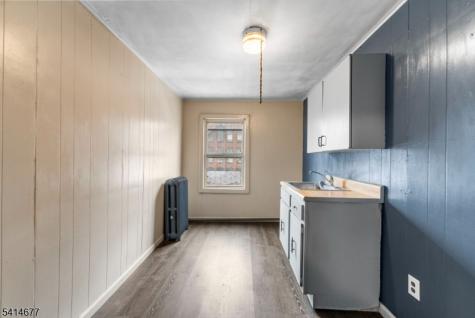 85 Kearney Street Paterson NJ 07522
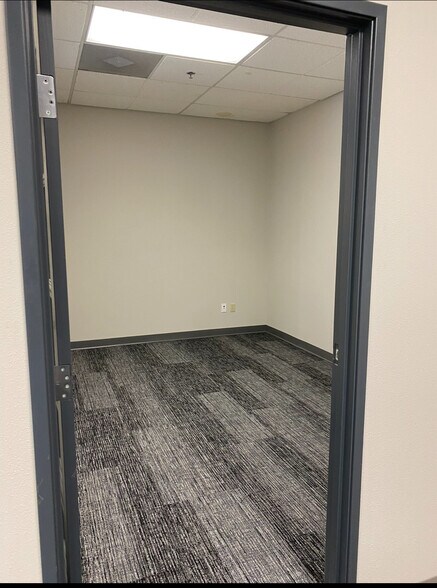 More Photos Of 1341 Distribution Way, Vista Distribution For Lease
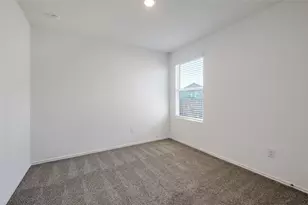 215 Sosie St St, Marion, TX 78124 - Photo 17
# # # # # # #
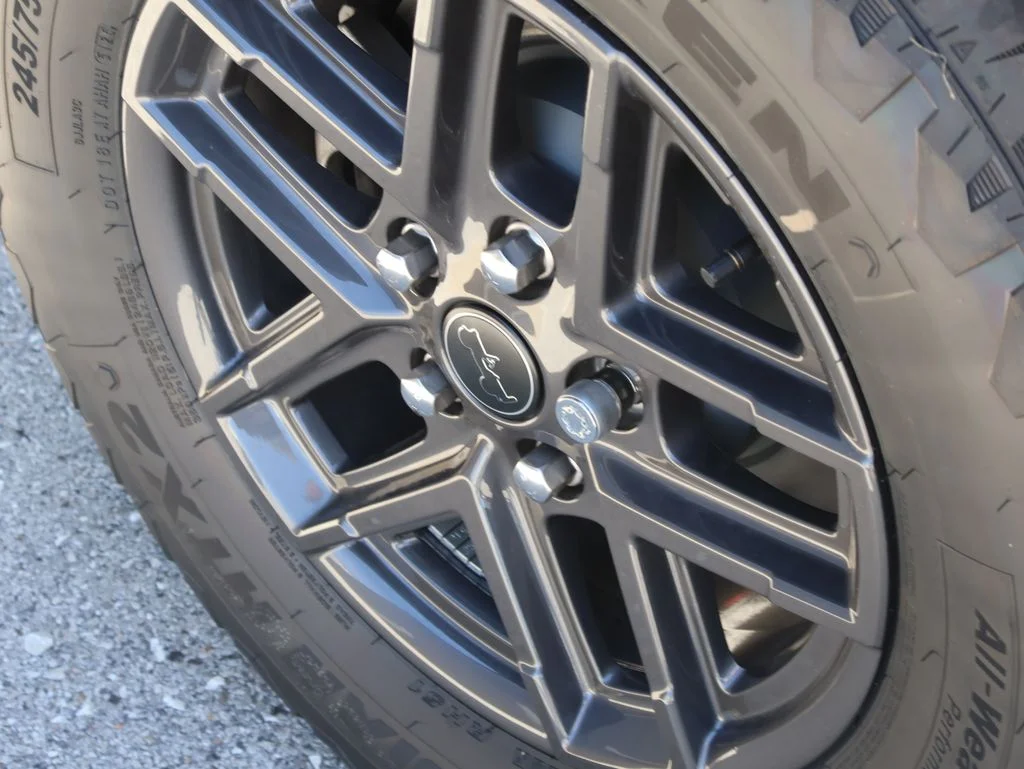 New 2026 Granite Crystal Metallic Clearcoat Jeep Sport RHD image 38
# # # # # # #
TASK OBJECTIVE:
Your answer must be everything above from the line with "More Photos Of" down to the line with "215 Sosie St St, Marion, TX 78124 - Photo 17", word for word, and no pictures.

WRITTEN SOLUTION:
 More Photos Of 1341 Distribution Way, Vista Distribution For Lease
 215 Sosie St St, Marion, TX 78124 - Photo 17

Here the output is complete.